E’ proprio una guerra. Psicologica, culturale, geopolitica. Altro che la nota pugnalata alla schiena di Mussolini, che oltrepassò i confini transalpini di notte, facendoci scendere in campo nel 1940. Inesorabilmente finiti i bei tempi del contributo francese alla nostra unità nazionale, per tutti il ruolo svolto da Napoleone III contro il papa-re, ammorbidito dalle grazie della contessa di Castiglione.
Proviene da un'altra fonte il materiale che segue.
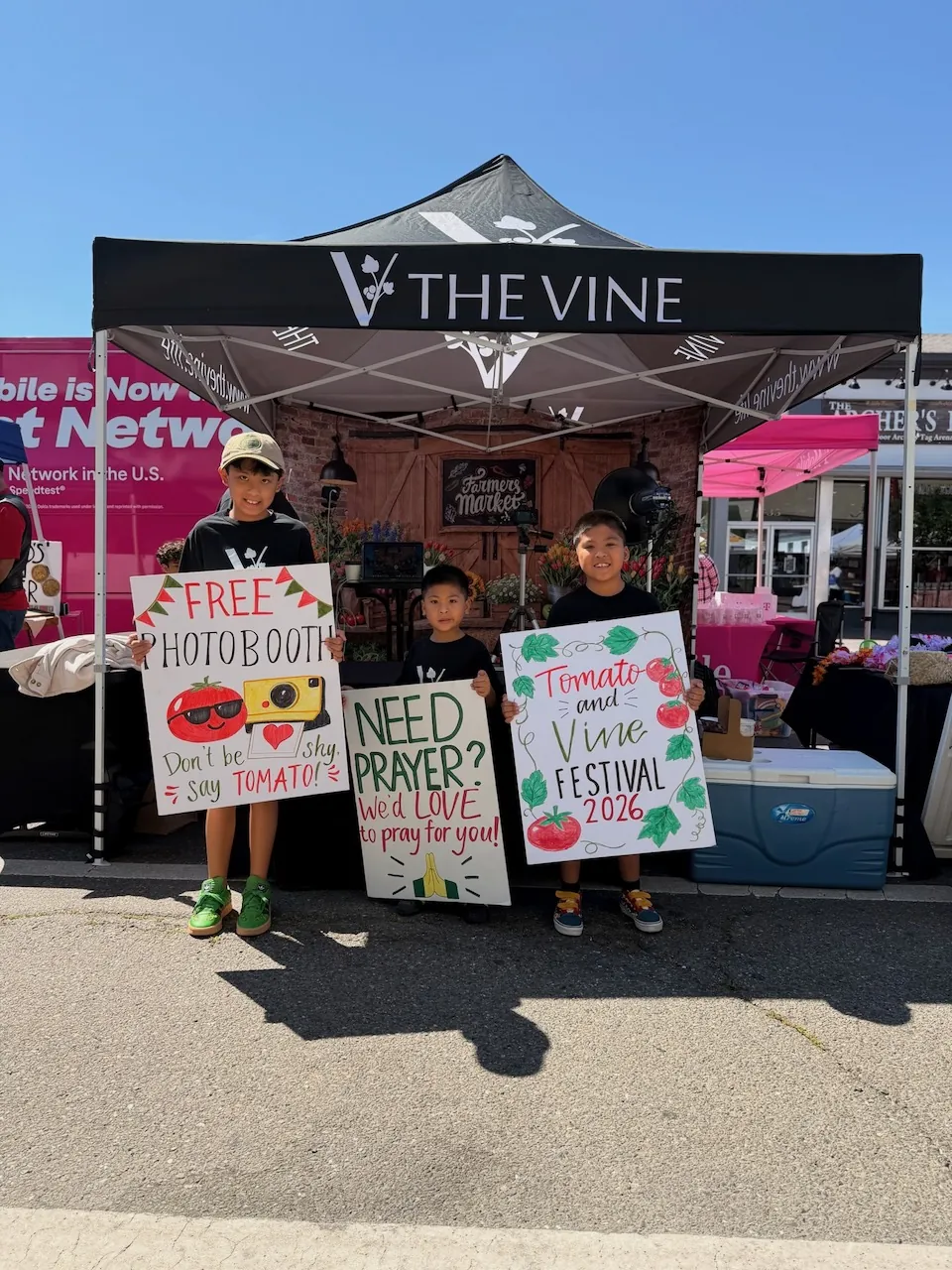 Three children holding the free photo booth, prayer, and Tomato & Vine Festival signs in front of the booth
Ormai lo scontro militare non serve più. Specialmente da quando a Roma c’è il governo gialloverde e a Parigi c’è Macron, è stato tutto un fuoco di fila, un crescendo rossiniano. Ricordiamone le tappe: Il 31 marzo 2018, ancora con Gentiloni in sella, a Bardonecchia gli agenti delle dogane francesi hanno fatto irruzione in una sala per identificare uno straniero; il 12 giugno seguente, la nave francese Aquarius con diversi migranti a bordo, per colpa di Salvini che ha chiuso i porti, non è riuscita ad attraccare, e Macron ci ha definiti “cinici”.
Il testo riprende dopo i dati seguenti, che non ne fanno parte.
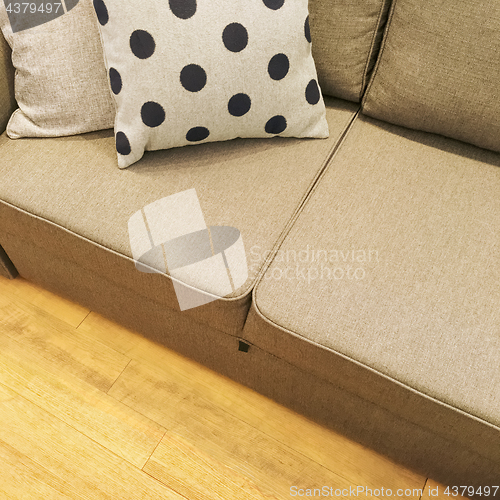 Image of Polka dot cushion decorating a textile sofa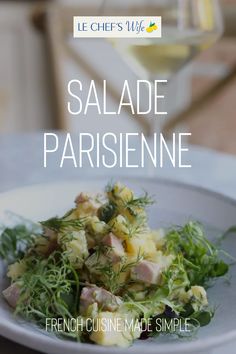 a white plate topped with salad next to a glass of wine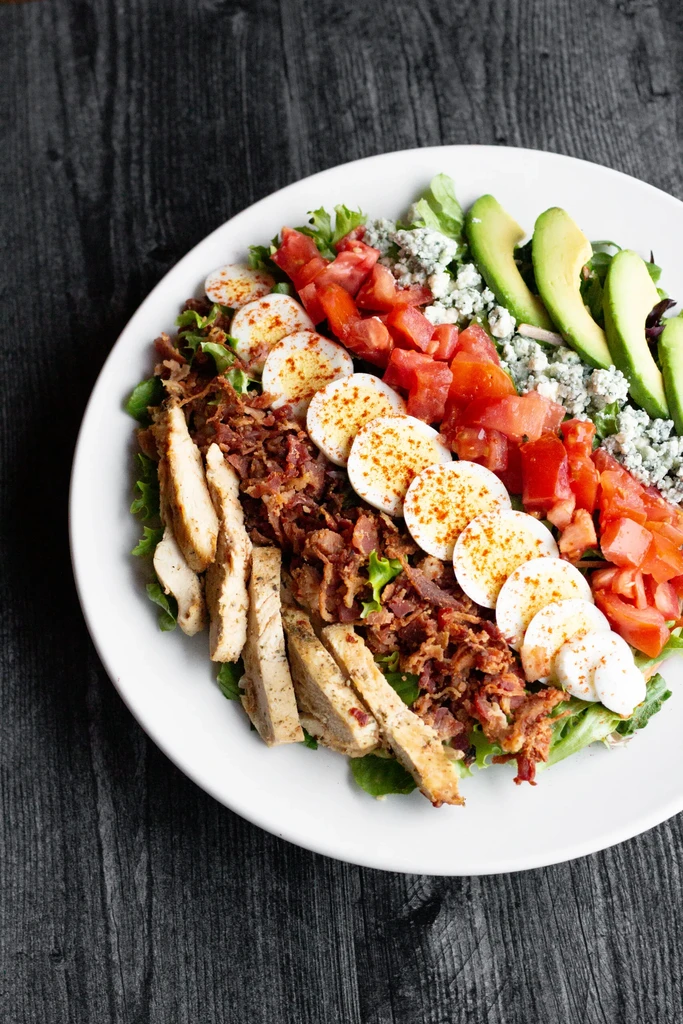 Colorful salad with grilled chicken, bacon, eggs, blue cheese, and avocado.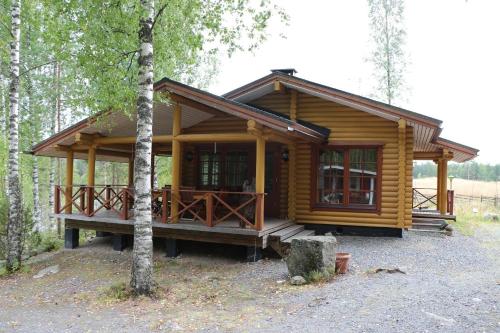 uma cabana de madeira na floresta com uma árvore em Ferienhaus für 8 Personen 2 Kinder ca 100 qm in Myllykylä, Kanta-Häme em Myllykylä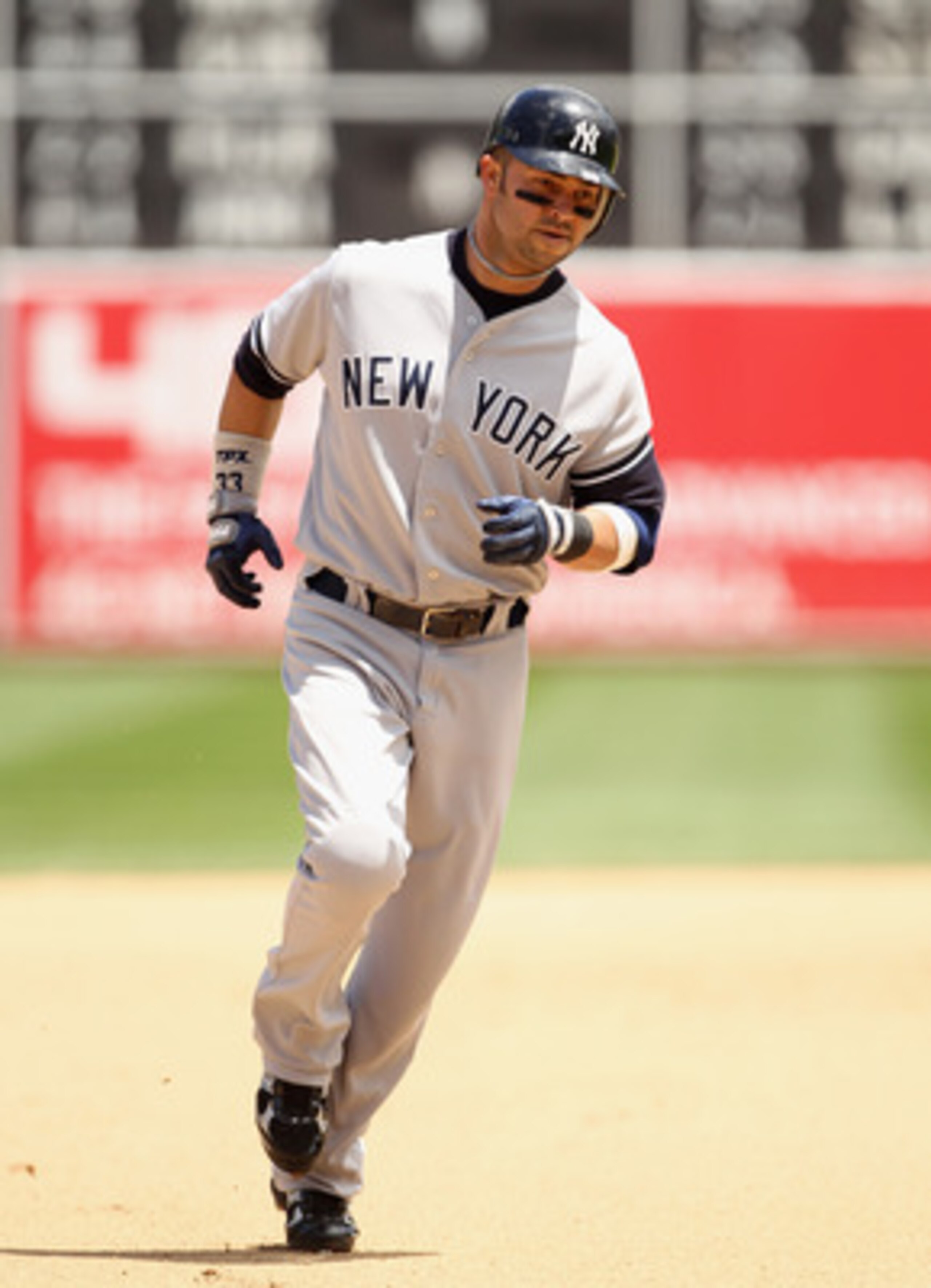 OAKLAND, CA - JUNE 01:  Nick Swisher #33 of the New York Yankees rounds the bases after he hit a three run home run in the fourth inning against the Oakland Athletics at Oakland-Alameda County Coliseum on June 1, 2011 in Oakland, California.  (Photo by Ez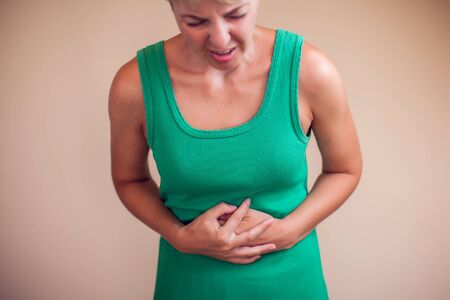Woman with short hair feels strong stomach pain isolated. People, healthcare and medicine concept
Il 12 ottobre a Claviere agenti francesi hanno sconfinato per far scendere alcuni stranieri; l’8 gennaio di quest’anno Di Maio ha appoggiato ufficialmente la ribellione dei gilet gialli, invitandoli a non mollare e offrendo loro la piattaforma Rousseau; il 13 gennaio ci si è messo pure Salvini: “Chiederò a Conte di scrivere a Macron per restituirci altri delinquenti dopo Battisti, che ci hanno tolto vite umane”. Infine, il 20 gennaio, Di Maio, supportato dal redivivo Di Battista, ha sostenuto che la Francia sfrutta l’Africa e che deve essere sanzionata dalla Ue. Accusa cui si è aggiunto pure Salvini.
Inutile ricordare le risposte piccate e arroganti dei francesi, dei governanti, dei ministri, dello stesso presidente (“Fate pulizia in casa vostra” è la più leggera), rafforzate dai loro referenti a Bruxelles (Moscovici in testa). Al punto che, qualche giorno fa, è stato richiamato l’ambasciatore in Italia “per opportune comunicazioni”.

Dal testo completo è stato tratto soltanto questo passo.